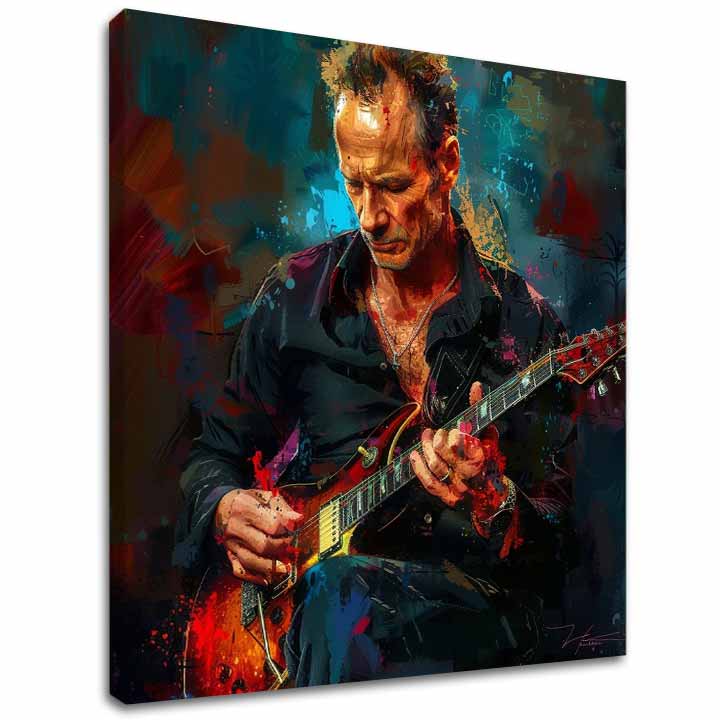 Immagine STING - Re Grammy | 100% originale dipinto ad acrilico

==

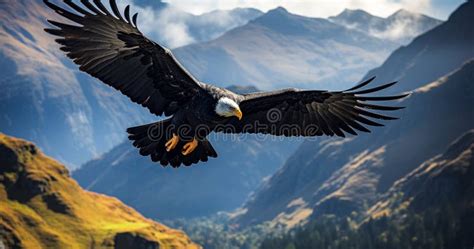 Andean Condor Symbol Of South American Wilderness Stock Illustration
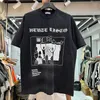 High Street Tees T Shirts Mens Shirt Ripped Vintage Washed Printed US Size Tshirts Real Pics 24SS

■ WHAT THE EXERCISE ASKS
From the listing above, restate verbatim the lines running from the one with "Andean Condor Symbol" through the one with "High Street Tees", inclusive, but not the pictures.

■ EXERCISE RESULT
 Andean Condor Symbol Of South American Wilderness Stock Illustration
 High Street Tees T Shirts Mens Shirt Ripped Vintage Washed Printed US Size Tshirts Real Pics 24SS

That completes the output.